Records from a data collection
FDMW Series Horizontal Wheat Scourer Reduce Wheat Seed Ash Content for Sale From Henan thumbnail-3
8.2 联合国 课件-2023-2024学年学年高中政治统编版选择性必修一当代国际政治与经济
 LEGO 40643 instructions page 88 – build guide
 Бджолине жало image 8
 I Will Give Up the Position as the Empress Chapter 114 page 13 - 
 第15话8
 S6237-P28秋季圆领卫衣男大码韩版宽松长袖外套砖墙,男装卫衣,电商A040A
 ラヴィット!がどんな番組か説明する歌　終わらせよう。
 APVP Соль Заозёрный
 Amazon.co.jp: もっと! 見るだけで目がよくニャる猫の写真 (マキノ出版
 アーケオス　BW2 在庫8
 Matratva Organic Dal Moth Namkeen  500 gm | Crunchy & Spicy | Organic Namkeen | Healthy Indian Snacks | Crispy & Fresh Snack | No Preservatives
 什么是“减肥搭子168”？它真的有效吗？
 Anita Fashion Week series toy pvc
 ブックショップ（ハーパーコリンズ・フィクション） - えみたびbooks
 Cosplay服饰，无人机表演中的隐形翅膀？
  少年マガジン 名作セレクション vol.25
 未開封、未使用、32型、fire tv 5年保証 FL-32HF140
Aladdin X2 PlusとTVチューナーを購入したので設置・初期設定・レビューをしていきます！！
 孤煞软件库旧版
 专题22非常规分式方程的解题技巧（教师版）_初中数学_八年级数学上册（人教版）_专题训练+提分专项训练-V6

Exercise aim => Exactly the lines from the one with "ブックショップ（ハーパーコリンズ・フィクション） - えみたびbooks" through the final line of the entries are to be returned, both ends included.

Expected answer =>
 ブックショップ（ハーパーコリンズ・フィクション） - えみたびbooks
 Cosplay服饰，无人机表演中的隐形翅膀？
  少年マガジン 名作セレクション vol.25
 未開封、未使用、32型、fire tv 5年保証 FL-32HF140
Aladdin X2 PlusとTVチューナーを購入したので設置・初期設定・レビューをしていきます！！
 孤煞软件库旧版
 专题22非常规分式方程的解题技巧（教师版）_初中数学_八年级数学上册（人教版）_专题训练+提分专项训练-V6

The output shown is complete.